The element of ‘killing’ is continuously brought up in the argument against abortion (Ginsburg 33). This argument goes further to state that an aborted child is denied future opportunities. Therefore, the argument is that abortion is immoral because it denies organisms future prospects as both social beings and biological entities. This argument might sound convincing but it is largely a one-sided argument. For instance, this line of thought is undermined by the fact that the prospects of any fetus only become independent from that of the mother at birth and not at conception. Up until the time of birth, the prospects of any organism are intertwined with those of the mother. For example, if the mother starves or lacks oxygen, the baby suffers the same fate. In some conservative societies, it is an offense to have a child out of wedlock. The fate of the mother could be altered by having a child. The argument that abortion can change the future prospects of a child appears to ignore those of the mother.
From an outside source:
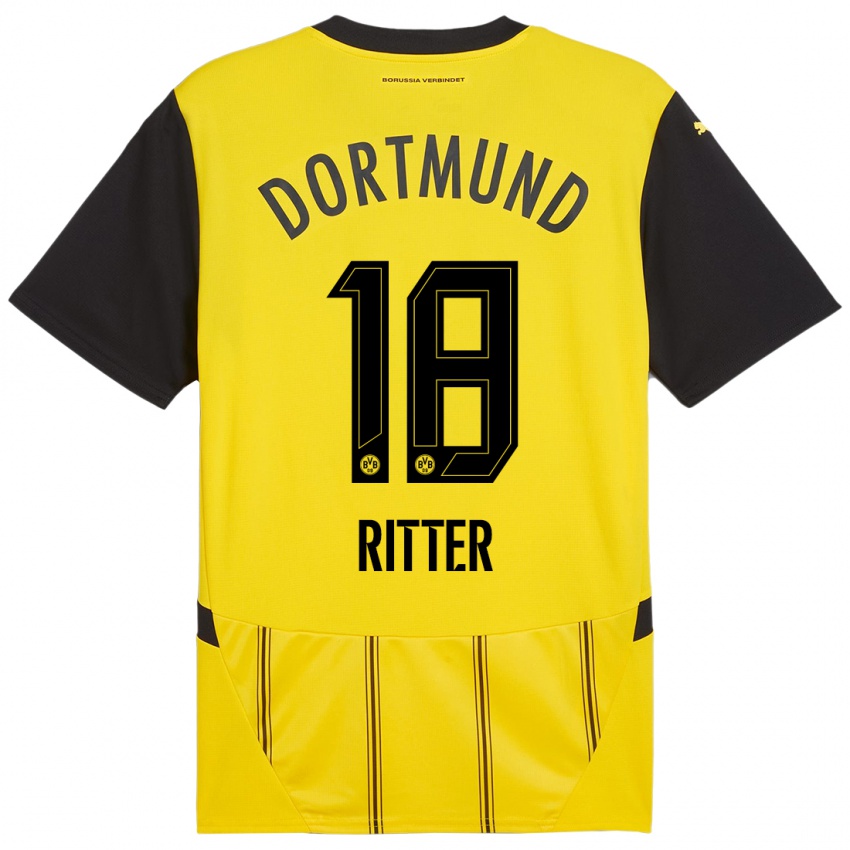 Heren Roméo Ritter #18 Geel Zwart Thuisshirt Thuistenue 2024/25 T-Shirt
A mother’s chance of having a good life can be significantly diminished if she is denied the right to procure an abortion. The moral approach is to ensure people are given maximum chances to better their lives instead of dictating their choices.


This essay lays out arguments that prove that abortion is moral. All these arguments indicate that those who argue against the morality of abortion do so under flimsy prepositions. The argument that life starts at conception is self-defeating in the end. Furthermore, the right to life appears to assign different values to the mother and the baby. Eventually, the prospects of a mother and a child only become separate when the child is born and not when the baby is in the womb.

Works Cited

Boonin, David. A Defense of Abortion. Cambridge University Press, 2003.

Ginsburg, Faye. Contested Lives: The Abortion Debate in an American Community. University of California Press, 2008.

Jecker, Nancy. Bioethics: An Introduction to the History, Methods, and Practice. Jones & Bartlett Learning, 2007.

Jelen, Ted. “Respect for Life, Sexual Morality, and Opposition to Abortion.” Review of Religious Research, vol. 2, no. 1, 2004, pp. 220-231.

Marquis, Don. “Why Abortion is Immoral.” Bioethics: An Anthology, vol. 2, no. 1, 2006, pp. 51-52.